Gedenken nach 1945
Der Leidensweg der sowjetischen Kriegsgefangenen war mit ihrer Befreiung aus deutscher Kriegsgefangenschaft nicht beendet. Sie sahen sich generell dem Verdacht ausgesetzt, „Vaterlandsverrat“ begangen zu haben. Deshalb wurden sie zunächst von sowjetischen Sicherheitsdiensten überprüft („Filtration“). Wer der Kollaboration mit den Deutschen beschuldigt wurde, kam in Lager der Geheimpolizei. Diejenigen, die keinen Verdacht erregten, wurden nach Hause entlassen, wieder in die Armee eingegliedert oder in Arbeitsbataillone integriert. Aber auch sie sahen sich als „Repatrianten“ noch lange Zeit einem grundsätzlichen Misstrauen ausgesetzt. Oft waren damit verschiedene Diskriminierungen, wie Beschränkungen im Berufsleben, eingeschränkte Wohnortwahl, Probleme in der Zulassung zum Studium und ähnliches, verbunden.
Das Massensterben der sowjetischen Kriegsgefangenen war der sowjetischen Besatzungsmacht frühzeitig bekannt geworden. Aus den Verhören verhafteter Wehrmachtangehöriger erhielten sie zudem weitere Informationen, so dass im Juni 1946 erste Probegrabungen noch ohne genaue Ergebnisse vorgenommen wurden. Trotzdem berichtete die Sächsische Zeitung bereits im Juni 1946, offenbar im politischen Zusammenhang mit dem bevorstehenden Volksentscheid über die Enteignung von „Kriegsverbrechern und Naziaktivisten“, unter dem Titel „Der Totenwald von Zeithain“ über 140.000 Tote. In Presseberichten wurden die Leser aufgefordert, als Lehre aus den Verbrechen in Zeithain beim Volksentscheid mit Ja zu stimmen.

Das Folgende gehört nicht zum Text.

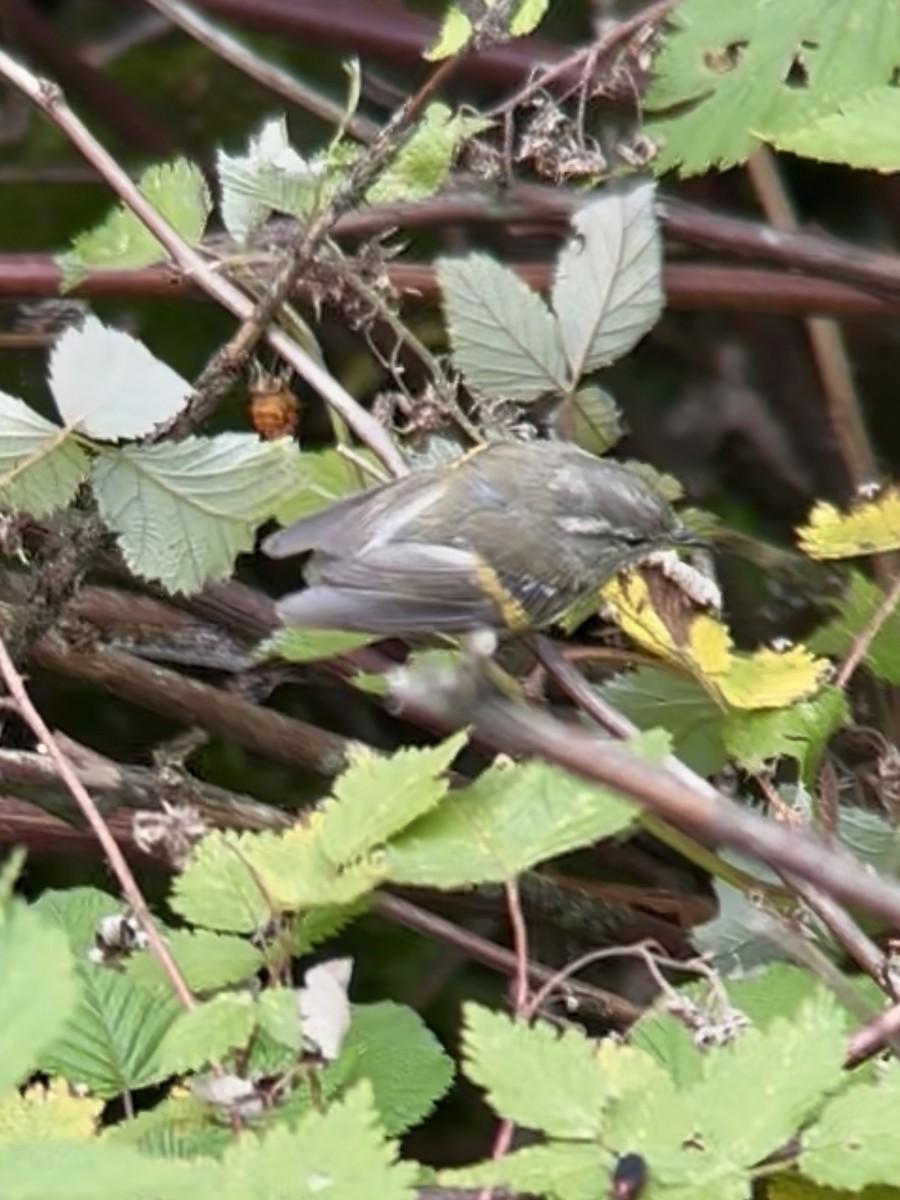 チャバネムシクイ - ML645535058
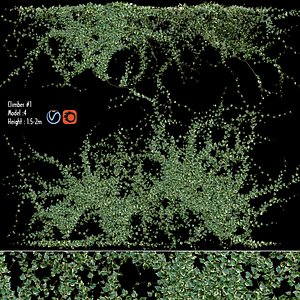 Hedera algeriensis - Algerian Ivy 03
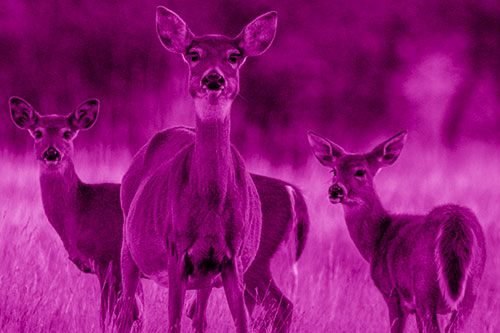 White Tailed Deer Trio Watch Among Wheatgrass (Pink Shade)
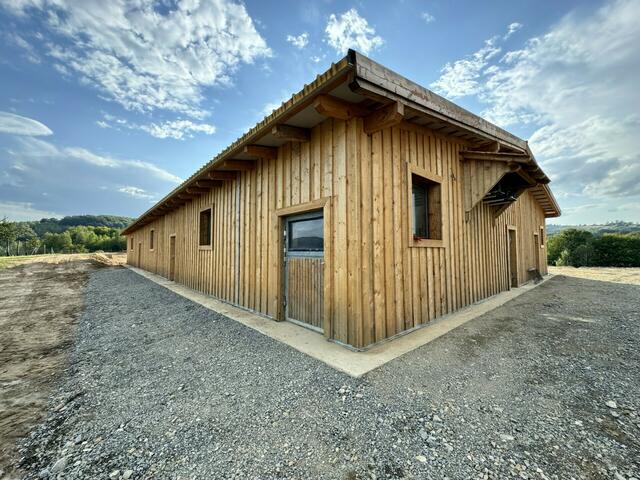 Das neue Zuhause der Tiger im Liska Animal Park Zoo in Rumänien.  | Foto: Gut Aiderbichl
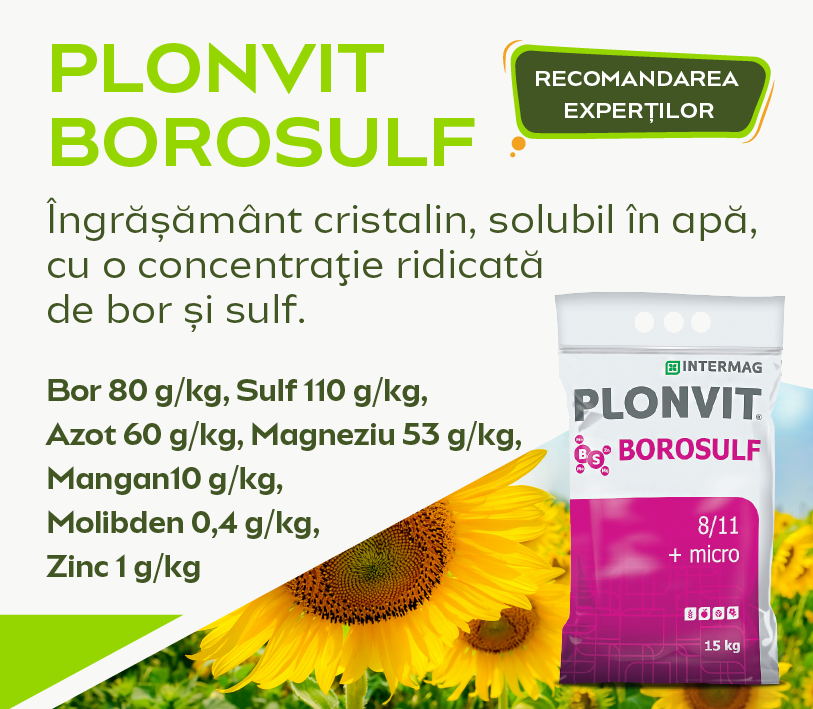 Plonvit Borosulf Plonvit Borosulf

Am 1. August 1946 schließlich befahl die sowjetische Militäradministration in Sachsen die Untersuchung der Verbrechen in Zeithain. Die hierfür zusammengestellte Expertenkommission unter dem sowjetischen Generalmajor Chorun bestand aus sowjetischen Offizieren, aus Angehörigen der Volkspolizei sowie aus sowjetischen und deutschen Gerichtsmedizinern. Zur Öffnung der Massengräber des Lagers Zeithain wurden ehemalige NSDAP-Mitglieder zwangsverpflichtet. Die Kommission schätzte die Zahl der toten sowjetischen Kriegsgefangenen nach stichprobenartigen Exhumierungen auf ca. 35.000. Aufgrund weiterer Untersuchungen (u. a. Verhöre früherer Wachmannschaften, Zeugenaussagen ehemaliger Gefangener, Berichte der Reichsbahndirektion über am Bahnhof Jacobsthal angekommene Bahntransporte) ging sie jedoch davon aus, dass mindestens 70.000 Menschen im Lager Zeithain umgekommen waren. In der Folgezeit veränderte sich die Auffassung über die Gesamtzahl der in Zeithain Umgekommenen noch mehrmals.
Am 8. August 1946 beschloss die sowjetische Militäradministration in Sachsen, im Bereich des ehemaligen Lagers Zeithain eine Gedenkstätte zu errichten. Am Ort der ersten Massengräber, am ehemaligen „Russenfriedhof Zeithain“, entstand bis 1949 der Ehrenhain Zeithain, die heutige Gedenkstätte. Auch die übrigen drei Gräberfelder wurden als Friedhöfe gestaltet. Bis zum Abzug der russischen Truppen in den 90er Jahren befanden sich drei der vier Friedhöfe der sowjetischen Kriegsgefangenen auf militärischem Sperrgebiet und waren Besuchern somit nicht zugänglich. Das öffentliche Gedenken konzentrierte sich deshalb auf den Ehrenhain Zeithain.
Die nichtsowjetischen Opfer in Zeithain fanden keine Würdigung in der Erinnerungskultur. Der „Italienische Soldatenfriedhof Jacobsthal“, auf dem sich auch die Grabstätten polnischer und serbischer Opfer befanden, verwilderte. Durch die Nutzung als Übungsgelände für die sowjetische Armee wurde er schließlich vollkommen unkenntlich gemacht.